= Batong Pham =

Australian politician

Batong Vu Pham (born 18 June 1967) is an Australian politician. He was a Labor Party member of the Western Australian Legislative Council from November 2007 to May 2009. He was elected on a countback when Louise Pratt resigned to run for the Senate, but was defeated for Labor preselection to run for a full term in the 2008 election.

Pham was born in the town of Bà Rịa, South Vietnam, near Long Tân in Phước Tuy province (now in Bà Rịa–Vũng Tàu province of Vietnam). His family fled the Vietnam War when he was a baby, reaching Malaysia, where they gained refugee status, ultimately migrating to Australia in 1969. His family settled in Perth, where he became a strawberry farmer. Pham joined the Labor Party in 1996, and was a protégé of former MP Ted Cunningham. Heavily associated with the New Right faction and seen as a "rising star", he sought preselection for the 2005 state election, but was forced to settle for the unwinnable fourth position in East Metropolitan.

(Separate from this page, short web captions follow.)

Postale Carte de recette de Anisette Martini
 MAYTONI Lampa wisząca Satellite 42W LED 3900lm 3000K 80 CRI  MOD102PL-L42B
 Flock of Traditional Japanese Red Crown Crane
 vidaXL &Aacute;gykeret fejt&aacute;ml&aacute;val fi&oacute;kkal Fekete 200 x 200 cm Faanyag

Pham received a second opportunity to enter parliament when, in late 2006, fellow MLC Louise Pratt won preselection for a safe seat in the Australian Senate, as part of a factional deal to allow Pham to contest the countback for her seat in the Legislative Council. However, in June 2007, while still awaiting Pratt's resignation, Pham suffered a massive brain aneurysm, resulting in his near death, lengthy hospitalisation, and confinement to a wheelchair. This caused concerns of a crisis in the near-deadlocked Legislative Council after Pratt's resignation in October, as the opposition would not confirm whether they would grant a 'pair' for the ill Pham. He was nonetheless sworn in on 26 November 2007, but was forced to take an immediate leave of absence, being too ill to attend further sittings. Pham made his inaugural speech to parliament 4½ months later, on 8 April.

Labor preselections for the forthcoming state election, due in late 2008 or early 2009, began in early 2008, and Pham announced an intention to recontest, receiving the strong support of his New Right faction. The faction, whose support was waning, chose to support Pham over veteran MLC and Legislative Council President Nick Griffiths. However, the faction's support was not enough, and on 19 May, Pham lost a preselection vote by six votes to Fiona Henderson, who had been endorsed by Premier Alan Carpenter. The decision sparked an angry response from Pham's allies within the party, including Housing Minister Michelle Roberts and former minister John D'Orazio. It also received strong criticism from members of the state's Ethnic Communities Council and the media. Pham left Parliament in May 2009, when the new Legislative Council was sworn in.